To get started, you will want to open an R session in the project directory and run renv::restore()
.
You will first be prompted to update any R packages (if required), then for the Python environment updates.
This will create a .venv
directory and populate it with the required Python packages, as specified in requirements.txt
.
To use the python environment from the terminal, you may need to activate it.
This activation is done automatically by RStudio, but for other terminals you will need to run source .venv/bin/activate
.
Once the environment is activated, you can run python
to start a Python session with the required packages available.

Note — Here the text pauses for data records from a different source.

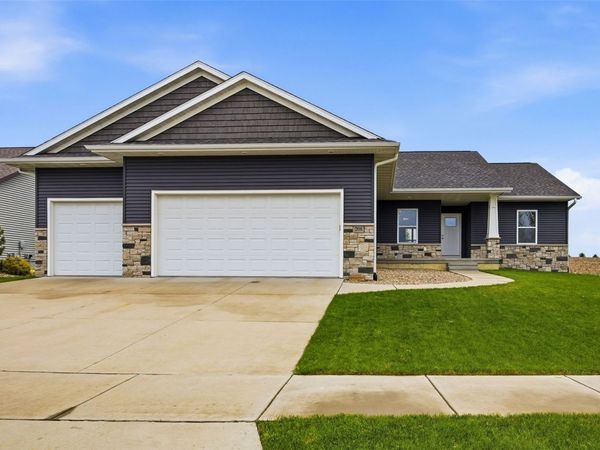 208 Shiloh Vista Avenue, Urbana, IA 52345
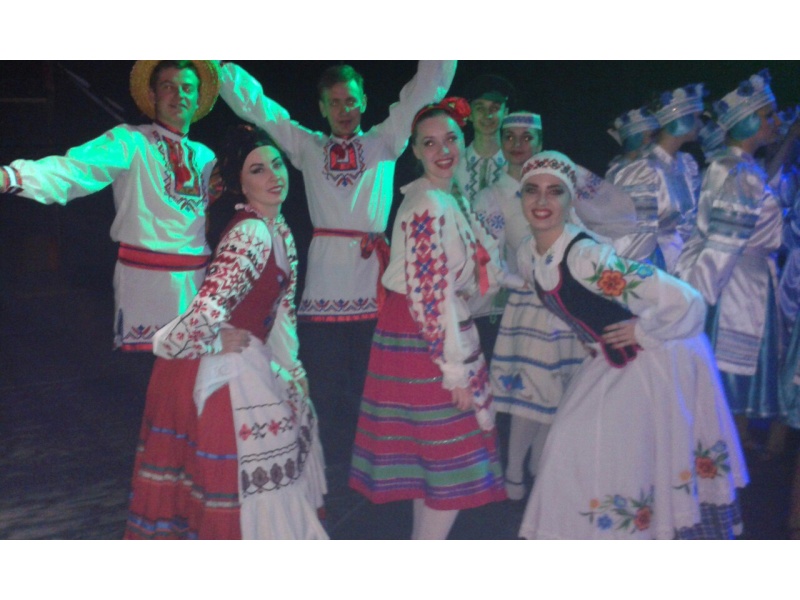 Коллектив народного танца "Блискавица"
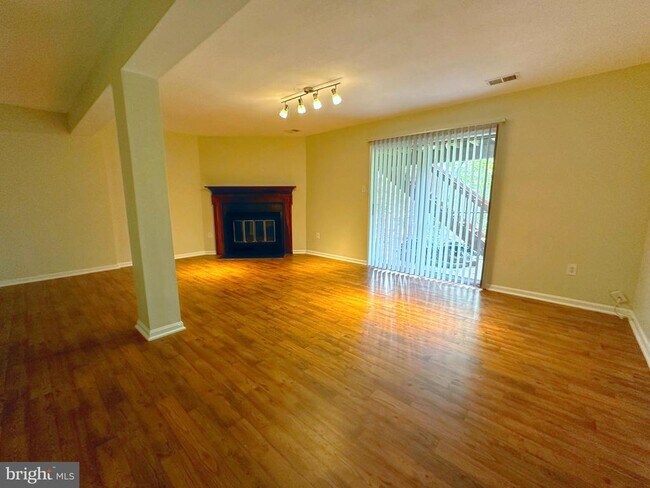 Building Photo - 11747 Lone Tree Ct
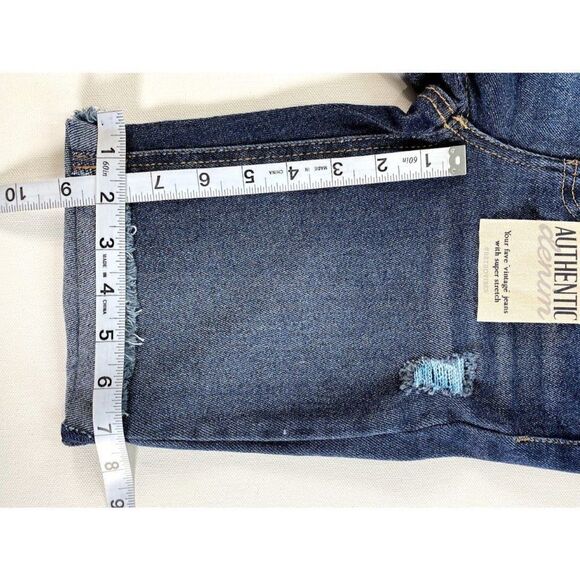 Vanilla Star Bermuda Mom Jean Shorts 24 0 Juniors' Distressed Dark Blue NEW - Picture 7 of 9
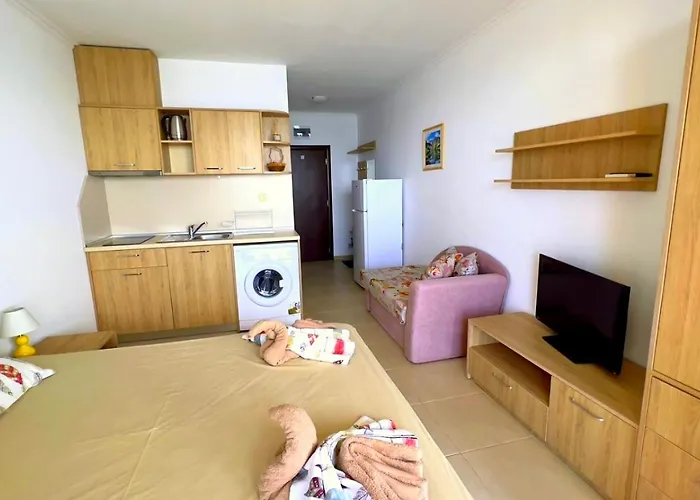 и студия в комплекс акротирия Nesebăr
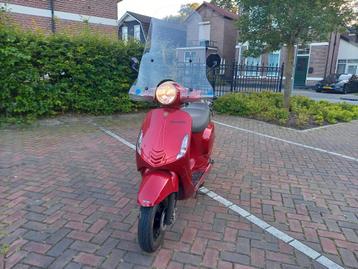 La souris Sourini Vespa look snorscooter beschikbaar voor biedingen
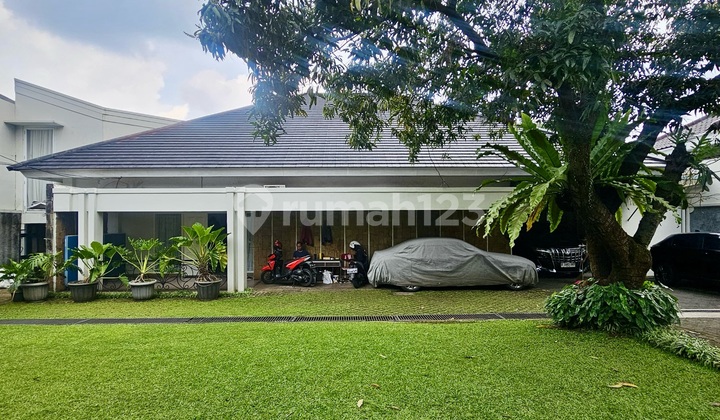 Rumah Setrategis Cocok Utk Guest House..Halaman Luas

To add new Python packages, you can use pip install <package>
from the terminal.
This will not add the packages to requirements.txt
; to record packages to requirements.txt
, you should again run renv::snapshot()
from the R console, which will update both renv.lock
and requirements.txt
as required.
Note that renv::status()
may not report that the requirements.txt
file is out of date, even if you have installed new packages.
Any packages in requirements.txt
will automatically be added to the Docker image when it is built, so you should not need to do anything special beyond the above steps to add them to the docker image.